Alrededor de él se nuclean un grupo de leales que podrían portar con hidalguía el título de la película como nombre propio, si no hubiéramos sentido ya, siguiendo las vivencias del protagonista, el goce innegable de la pura velocidad –de la experiencia pura- como instantáneo y progresivamente decepcionante, en tanto se extiende el transcurso biológico (quizás esté hablando de crecer, pero me resisto a usar el término como no sea entre paréntesis para evitar las connotaciones morales coercitivas con que se lo suele usufructuar y que brillan por su ausencia en el cine de Cronenberg, tipo atento a las tiranías de la materia y de la psique, antes que a las de la metafísica).
Resulta, además, que Fast Company no es otra cosa que una asociación con fines comerciales, una compañía, una corporación, uno de esos organismos monstruosos y letales de las películas del canadiense, cuya cara aquí es la de John Saxon, parecida a la de Michael Ironside en Scanners, en cualquier caso una máscara de funcionamientos que lo exceden pero no lo exculpan. Todo aquí es un poco menos abstracto que en la vertiente más claramente modernista de su cine, tanto que muchos de sus planos tienen ese aire de incrustación documental en medio de una ficción, lo que hace parecer a la película menos un Okm impecable recién salido de la cadena de montaje que uno de estos funny cars que filma, objetos grotescos de funcionalidad excluyente, instalaciones extravagantes que encuentran su fin –en tanto propósito efímero- en sí mismos.
El título de la película, entonces, está estrechamente relacionado al de fantasía, detrás del cual fluye el capital financiero espectral, pero se diferencia porque la compañía usa FatsCo en vez de Fast Company: una sigla, un logo ganchero, un eslogan publicitario, seña de identidad móvil que hoy patrocina a un equipo y mañana a otro, lo que genera el tránsito des los personajes desde la dependencia a la autonomía, desde la condición de asalariados a la de cuentapropistas.
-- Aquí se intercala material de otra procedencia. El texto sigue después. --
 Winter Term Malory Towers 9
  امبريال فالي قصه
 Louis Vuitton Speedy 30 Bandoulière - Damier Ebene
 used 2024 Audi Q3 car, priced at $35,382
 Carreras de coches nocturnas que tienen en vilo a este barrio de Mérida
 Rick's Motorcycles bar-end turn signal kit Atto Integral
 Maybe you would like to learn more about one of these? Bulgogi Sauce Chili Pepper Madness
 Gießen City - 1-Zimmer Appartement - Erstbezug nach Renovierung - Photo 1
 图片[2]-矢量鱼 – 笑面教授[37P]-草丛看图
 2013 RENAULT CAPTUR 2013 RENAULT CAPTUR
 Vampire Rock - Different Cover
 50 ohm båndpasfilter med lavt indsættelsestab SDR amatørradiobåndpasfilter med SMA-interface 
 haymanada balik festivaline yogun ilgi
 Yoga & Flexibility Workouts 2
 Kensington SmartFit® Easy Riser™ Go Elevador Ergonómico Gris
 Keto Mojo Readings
Un cambio de escala que no obedece a ningún apriorismo ideológico, sino a la defraudación afectiva y económica como toma de conciencia, y la decisión de seguir siendo fieles a unos vínculos inmediatos con las personas y las cosas, unas relaciones que adolezcan de la menor cantidad de intermediarios. Cine independiente, claro, pero dentro de la industria, como el de Carpenter o el de Pialat, vale decir robusto y mal llevado, mucho antes del apoyo sistemático de fundaciones internacionales y del mercado establecido de los festivales, con los que no tiene nada que ver. Cine que no le lame el culo a nadie, cine de la transacción pura y dura, sin eufemismos. El más difícil de hacer.